**Extracted data:**
= = = = = = =

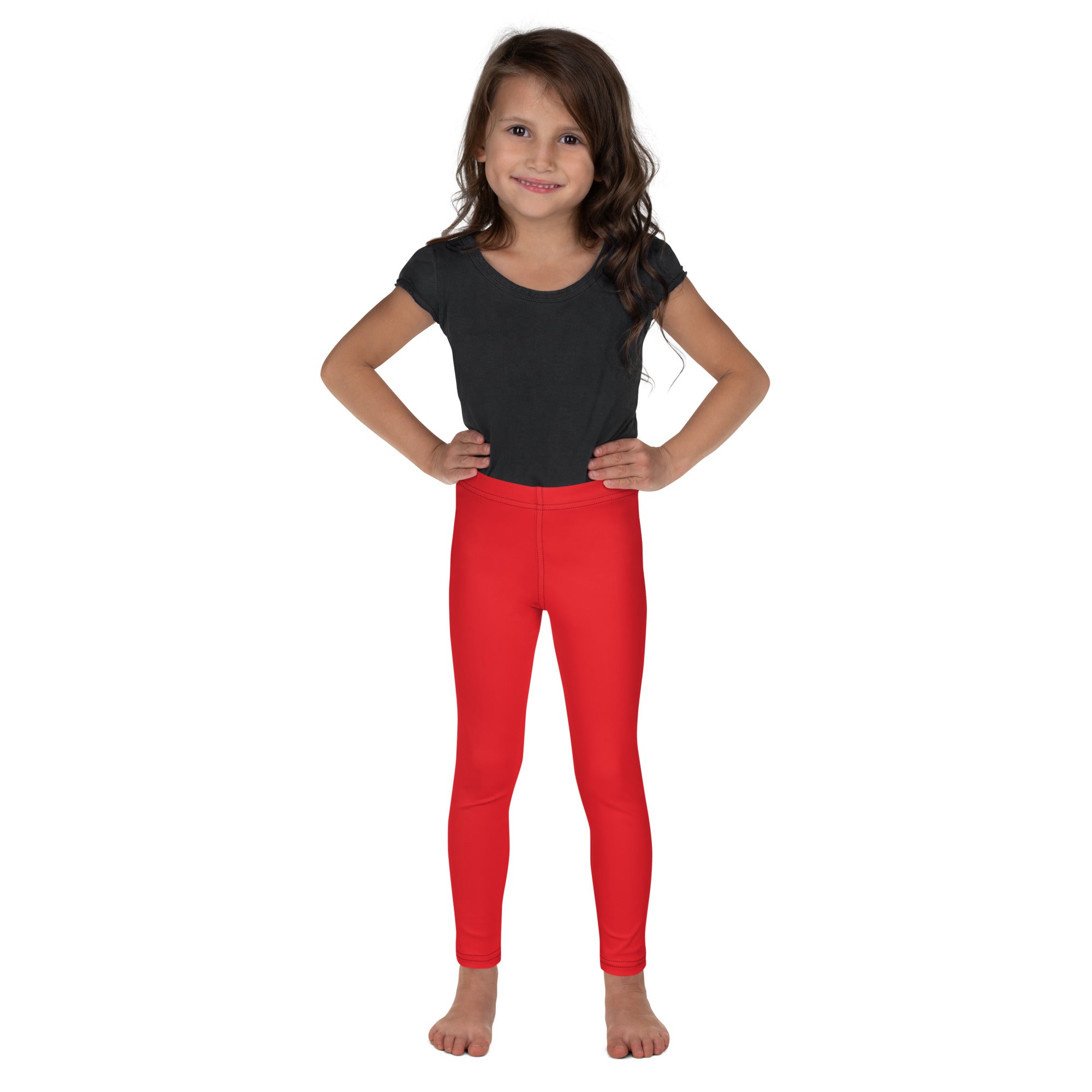 Bright red kids buttery soft leggings worn by a young girl showcasing form fitting comfortable design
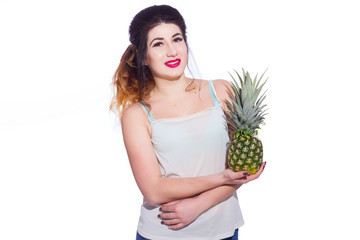 Summer studio portrait of a beautiful young brunette woman with long hair. A girl in a summer T-shirt and jeans is holding a pineapple in her hands. Concept: summer photography and a sunny mood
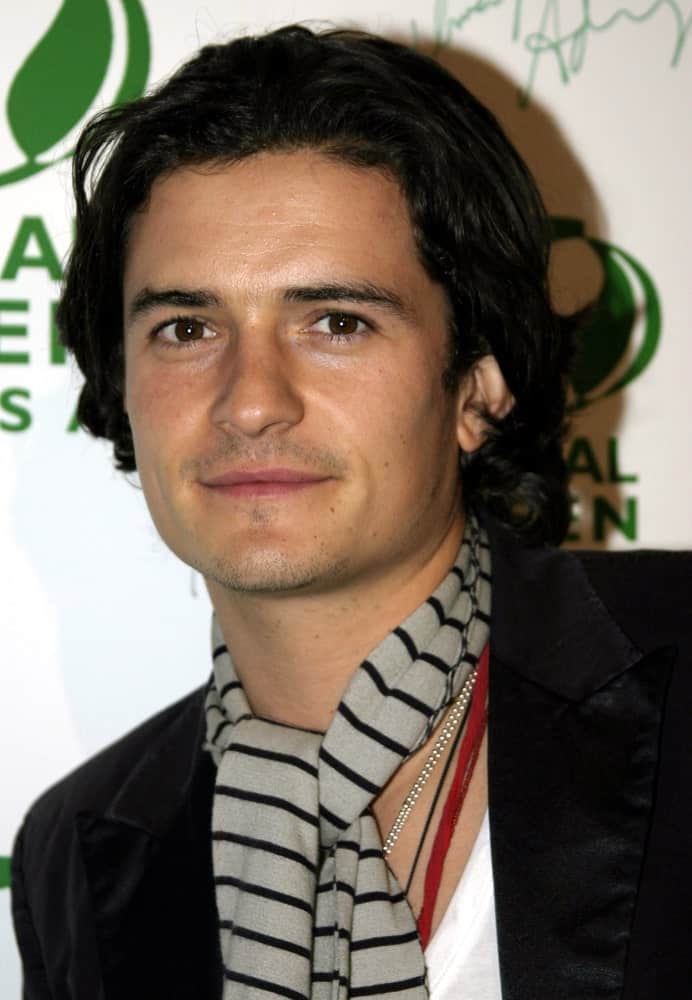 Orlando Bloom attended the Global Green Pre-Oscar Party held at the Day After Club in Hollywood, California on February 24, 2005. He wore a fashion-forward scarf that went well with his long dark curls.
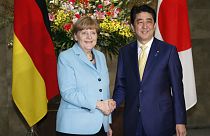 Visiting Merkel reminds Japan to confront wartime past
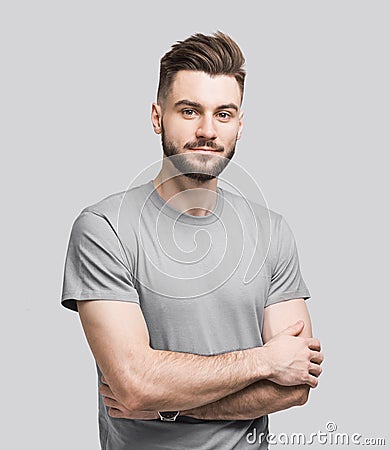 Handsome young man with folded arms isolated portrait. Joyful cheerful smiling men with crossed hands studio shot Stock Photo
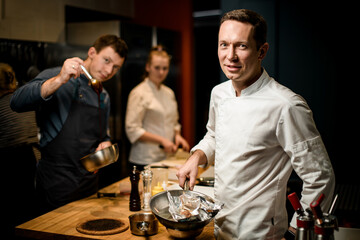 man with frying pan in his hand looks at the camera
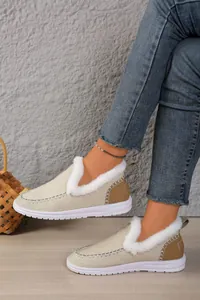 Detailed macro view of beige fur-lined winter loafers with cozy white faux fur trim.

= = = = = = =

**Your instructions:**
Your copy should begin at the line containing "Visiting Merkel reminds" and end at the last line of the data above, matching each line exactly and holding no pictures.

**Finished task:**
 Visiting Merkel reminds Japan to confront wartime past
 Handsome young man with folded arms isolated portrait. Joyful cheerful smiling men with crossed hands studio shot Stock Photo
 man with frying pan in his hand looks at the camera
 Detailed macro view of beige fur-lined winter loafers with cozy white faux fur trim.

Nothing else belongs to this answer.